**Work instructions:** Give back exactly the stretch of data below from the line holding "2024 Ford Bronco" through the line holding "Apartamento com 3", both ends included, and leave the remaining lines out.

**Provided records:**
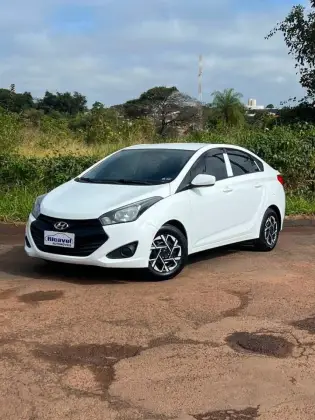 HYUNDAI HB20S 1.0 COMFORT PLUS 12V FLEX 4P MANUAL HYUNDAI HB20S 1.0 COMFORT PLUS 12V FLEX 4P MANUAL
...
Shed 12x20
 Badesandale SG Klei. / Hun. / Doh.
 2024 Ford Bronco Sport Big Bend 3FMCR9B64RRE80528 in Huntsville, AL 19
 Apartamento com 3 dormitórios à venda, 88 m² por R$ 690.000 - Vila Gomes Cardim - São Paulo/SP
--
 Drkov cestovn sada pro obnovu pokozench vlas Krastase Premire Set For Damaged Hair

**Written response:**
 2024 Ford Bronco Sport Big Bend 3FMCR9B64RRE80528 in Huntsville, AL 19
 Apartamento com 3 dormitórios à venda, 88 m² por R$ 690.000 - Vila Gomes Cardim - São Paulo/SP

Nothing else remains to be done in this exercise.